Plain Cys–Cys disulfides are not returned as separate specs for the caller to process. Both Cys residues are instead silently renamed to CYX inside moleculekit.tools.preparation.systemPrepare() (which calls this function internally). The ChainResidueSpec entries for disulfide-bonded cysteines exist only to carry the new_resname="CYX" rename; the parameterization of the S–S bond is handled by AMBER’s built-in CYX template, so no user intervention is required.

Parameters:

mol (moleculekit.molecule.Molecule) – Input molecule. Should already carry covalent bonds (read from a PDB CONECT block, a CIF _struct_conn block, or set up via Molecule.templateResidueFromSmiles()). If mol.bonds is empty, the detector falls back to distance-based bond guessing via mol._guessBonds() and logs a warning. The molecule is not mutated.

Returns:

Flat list mixing ChainResidueSpec, ScaffoldSpec, CovalentLigandSpec, and LigandSpec entries. Ordered by residue index in mol. Empty when the molecule has no non-standard residues and no sidechain crosslinks.

Return type:

list[PerResidueSpec]

Raises:

RuntimeError – If a canonical residue is bonded at an anchor atom that is not listed in moleculekit.tools._anchor_variants.ANCHOR_TABLE (the anchor needs to be registered there before the residue can be re-templated). Also raised if an NCAA resname is 4+ characters long and requires terminus-disambiguation prefixing, which would exceed AMBER’s 4-character prepi unit-name limit.

Examples

Detect non-standard residues, template them with SMILES, then prepare:

>>> from moleculekit.molecule import Molecule
>>> from moleculekit.tools.nonstandard_residues import detectNonStandardResidues
>>> from moleculekit.tools.preparation import systemPrepare
>>> mol = Molecule("3ptb")
>>> specs = detectNonStandardResidues(mol)

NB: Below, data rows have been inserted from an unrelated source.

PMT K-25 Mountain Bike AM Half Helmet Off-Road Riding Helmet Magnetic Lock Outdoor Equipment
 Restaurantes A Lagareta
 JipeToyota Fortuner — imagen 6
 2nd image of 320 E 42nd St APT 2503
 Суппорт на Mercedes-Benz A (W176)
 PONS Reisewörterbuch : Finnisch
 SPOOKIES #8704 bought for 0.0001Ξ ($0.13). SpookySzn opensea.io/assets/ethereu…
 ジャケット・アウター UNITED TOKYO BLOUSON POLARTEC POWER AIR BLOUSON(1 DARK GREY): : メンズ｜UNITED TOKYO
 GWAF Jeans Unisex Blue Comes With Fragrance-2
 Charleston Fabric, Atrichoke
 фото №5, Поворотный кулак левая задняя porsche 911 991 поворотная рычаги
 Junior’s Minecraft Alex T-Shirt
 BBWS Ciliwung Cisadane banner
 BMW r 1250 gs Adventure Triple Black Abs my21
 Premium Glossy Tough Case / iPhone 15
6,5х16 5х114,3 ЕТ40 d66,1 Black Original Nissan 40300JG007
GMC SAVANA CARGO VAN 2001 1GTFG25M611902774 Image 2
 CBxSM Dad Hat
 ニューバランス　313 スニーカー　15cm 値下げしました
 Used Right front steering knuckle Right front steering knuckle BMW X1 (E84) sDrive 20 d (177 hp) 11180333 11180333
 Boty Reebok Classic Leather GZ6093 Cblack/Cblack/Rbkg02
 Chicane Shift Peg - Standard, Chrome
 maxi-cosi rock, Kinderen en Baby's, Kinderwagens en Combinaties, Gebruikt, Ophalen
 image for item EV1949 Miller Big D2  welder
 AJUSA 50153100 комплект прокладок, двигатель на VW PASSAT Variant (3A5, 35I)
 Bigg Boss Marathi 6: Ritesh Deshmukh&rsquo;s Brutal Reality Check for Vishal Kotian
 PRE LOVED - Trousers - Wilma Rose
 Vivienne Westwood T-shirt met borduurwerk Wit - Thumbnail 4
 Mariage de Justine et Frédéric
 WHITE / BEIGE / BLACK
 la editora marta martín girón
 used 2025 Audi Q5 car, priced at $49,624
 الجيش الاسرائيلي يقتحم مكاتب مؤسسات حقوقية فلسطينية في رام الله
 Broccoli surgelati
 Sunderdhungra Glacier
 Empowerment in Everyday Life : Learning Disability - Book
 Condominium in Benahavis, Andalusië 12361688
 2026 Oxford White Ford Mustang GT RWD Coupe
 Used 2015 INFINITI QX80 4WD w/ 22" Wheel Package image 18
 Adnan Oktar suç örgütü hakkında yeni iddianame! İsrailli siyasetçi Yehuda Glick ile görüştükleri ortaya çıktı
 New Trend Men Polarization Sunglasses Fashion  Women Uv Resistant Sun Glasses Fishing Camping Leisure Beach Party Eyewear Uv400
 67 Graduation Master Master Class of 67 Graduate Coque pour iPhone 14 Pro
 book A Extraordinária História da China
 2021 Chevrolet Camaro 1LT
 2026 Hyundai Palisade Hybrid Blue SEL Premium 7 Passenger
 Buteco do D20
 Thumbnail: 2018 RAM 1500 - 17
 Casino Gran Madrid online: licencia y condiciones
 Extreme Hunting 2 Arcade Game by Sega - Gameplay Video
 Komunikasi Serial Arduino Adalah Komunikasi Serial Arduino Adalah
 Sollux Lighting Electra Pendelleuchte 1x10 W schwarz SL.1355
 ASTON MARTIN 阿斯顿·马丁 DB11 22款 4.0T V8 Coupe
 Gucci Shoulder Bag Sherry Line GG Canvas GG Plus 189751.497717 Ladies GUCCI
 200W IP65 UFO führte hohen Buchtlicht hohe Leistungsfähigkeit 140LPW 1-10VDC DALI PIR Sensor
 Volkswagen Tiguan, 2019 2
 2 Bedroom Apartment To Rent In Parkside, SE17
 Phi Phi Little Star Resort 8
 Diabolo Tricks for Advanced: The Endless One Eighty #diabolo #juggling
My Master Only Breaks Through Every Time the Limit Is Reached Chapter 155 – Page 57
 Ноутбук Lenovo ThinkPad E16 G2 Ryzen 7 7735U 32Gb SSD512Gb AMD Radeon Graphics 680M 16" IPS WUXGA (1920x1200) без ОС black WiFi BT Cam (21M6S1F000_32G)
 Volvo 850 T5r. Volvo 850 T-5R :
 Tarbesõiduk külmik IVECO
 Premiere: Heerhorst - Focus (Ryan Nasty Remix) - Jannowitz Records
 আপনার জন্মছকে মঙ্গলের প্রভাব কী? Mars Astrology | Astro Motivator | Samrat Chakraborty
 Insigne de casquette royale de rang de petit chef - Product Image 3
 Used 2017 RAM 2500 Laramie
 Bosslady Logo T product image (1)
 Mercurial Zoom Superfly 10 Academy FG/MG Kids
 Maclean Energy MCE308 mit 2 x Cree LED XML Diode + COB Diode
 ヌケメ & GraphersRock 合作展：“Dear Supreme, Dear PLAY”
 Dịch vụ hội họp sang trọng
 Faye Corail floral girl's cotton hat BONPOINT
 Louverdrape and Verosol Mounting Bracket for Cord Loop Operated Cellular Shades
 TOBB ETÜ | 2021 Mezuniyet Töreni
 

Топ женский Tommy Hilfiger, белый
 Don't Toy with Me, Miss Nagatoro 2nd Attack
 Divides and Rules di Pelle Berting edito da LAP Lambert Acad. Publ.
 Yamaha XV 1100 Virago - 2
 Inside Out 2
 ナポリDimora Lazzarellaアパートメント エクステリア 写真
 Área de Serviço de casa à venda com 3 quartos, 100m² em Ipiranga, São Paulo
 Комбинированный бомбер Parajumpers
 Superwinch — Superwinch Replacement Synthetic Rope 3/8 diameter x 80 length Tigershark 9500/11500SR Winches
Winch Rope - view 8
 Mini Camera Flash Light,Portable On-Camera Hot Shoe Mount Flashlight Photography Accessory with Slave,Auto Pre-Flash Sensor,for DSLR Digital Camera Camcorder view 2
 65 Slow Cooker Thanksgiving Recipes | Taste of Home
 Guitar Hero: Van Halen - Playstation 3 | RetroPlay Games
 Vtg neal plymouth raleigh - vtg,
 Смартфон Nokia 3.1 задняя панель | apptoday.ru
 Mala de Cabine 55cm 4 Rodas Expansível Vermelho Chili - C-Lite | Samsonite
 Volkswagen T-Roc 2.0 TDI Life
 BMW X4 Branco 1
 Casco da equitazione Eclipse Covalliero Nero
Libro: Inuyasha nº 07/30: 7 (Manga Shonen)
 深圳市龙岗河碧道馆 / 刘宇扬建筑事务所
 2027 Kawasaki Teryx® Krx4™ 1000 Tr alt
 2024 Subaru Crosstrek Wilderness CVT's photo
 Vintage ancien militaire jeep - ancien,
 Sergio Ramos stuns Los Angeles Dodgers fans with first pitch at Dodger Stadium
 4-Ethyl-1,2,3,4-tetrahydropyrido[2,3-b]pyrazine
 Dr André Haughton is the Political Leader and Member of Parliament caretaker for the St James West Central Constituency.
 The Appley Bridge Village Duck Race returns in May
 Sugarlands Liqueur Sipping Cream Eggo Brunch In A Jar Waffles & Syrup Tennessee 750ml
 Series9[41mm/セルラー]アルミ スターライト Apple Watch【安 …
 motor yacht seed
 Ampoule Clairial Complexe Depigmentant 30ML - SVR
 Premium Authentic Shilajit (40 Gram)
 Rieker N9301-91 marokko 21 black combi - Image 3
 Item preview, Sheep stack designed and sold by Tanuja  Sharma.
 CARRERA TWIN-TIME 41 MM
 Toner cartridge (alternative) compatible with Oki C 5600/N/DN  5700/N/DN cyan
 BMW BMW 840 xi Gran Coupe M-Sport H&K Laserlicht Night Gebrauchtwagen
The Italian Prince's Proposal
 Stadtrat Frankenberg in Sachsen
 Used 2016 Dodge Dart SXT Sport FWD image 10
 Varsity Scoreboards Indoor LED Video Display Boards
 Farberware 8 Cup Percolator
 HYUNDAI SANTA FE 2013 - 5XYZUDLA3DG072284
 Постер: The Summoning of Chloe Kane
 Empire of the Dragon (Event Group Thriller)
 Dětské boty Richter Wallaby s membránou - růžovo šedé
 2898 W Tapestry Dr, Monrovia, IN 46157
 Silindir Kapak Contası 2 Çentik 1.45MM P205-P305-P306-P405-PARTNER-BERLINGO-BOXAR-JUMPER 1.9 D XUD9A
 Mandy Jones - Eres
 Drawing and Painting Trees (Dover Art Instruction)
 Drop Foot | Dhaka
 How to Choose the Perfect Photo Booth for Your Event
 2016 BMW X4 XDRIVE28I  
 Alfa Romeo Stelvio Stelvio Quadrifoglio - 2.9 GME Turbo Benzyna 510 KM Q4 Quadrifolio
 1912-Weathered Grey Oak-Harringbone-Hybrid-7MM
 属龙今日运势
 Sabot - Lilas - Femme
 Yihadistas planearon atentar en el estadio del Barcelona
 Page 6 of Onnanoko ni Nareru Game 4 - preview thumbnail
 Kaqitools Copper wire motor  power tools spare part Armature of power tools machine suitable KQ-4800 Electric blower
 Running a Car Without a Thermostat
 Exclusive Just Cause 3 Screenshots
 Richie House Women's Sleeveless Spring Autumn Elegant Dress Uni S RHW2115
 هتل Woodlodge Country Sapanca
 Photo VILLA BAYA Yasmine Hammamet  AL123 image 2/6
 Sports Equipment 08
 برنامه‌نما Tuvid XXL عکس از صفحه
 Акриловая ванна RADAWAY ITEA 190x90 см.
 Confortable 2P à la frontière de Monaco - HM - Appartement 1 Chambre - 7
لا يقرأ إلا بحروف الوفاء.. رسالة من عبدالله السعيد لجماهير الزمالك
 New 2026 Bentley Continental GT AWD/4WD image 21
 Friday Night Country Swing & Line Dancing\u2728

For a molecule that has a non-canonical residue (e.g. “LIG”) that needs SMILES-based templating before preparation:

>>> # Template the non-canonical residue with its SMILES
>>> lig_mask = mol.resname == "LIG"
>>> mol.remove("hydrogen")
>>> mol.templateResidueFromSmiles(lig_mask, smiles="...", addHs=True)
>>> # Now pass the specs so systemPrepare does not re-detect
>>> pmol, specs = systemPrepare(mol, detect_specs=specs)

When no non-standard-residue handling is needed, pass specs directly:

>>> pmol, specs, df = systemPrepare(mol, return_details=True)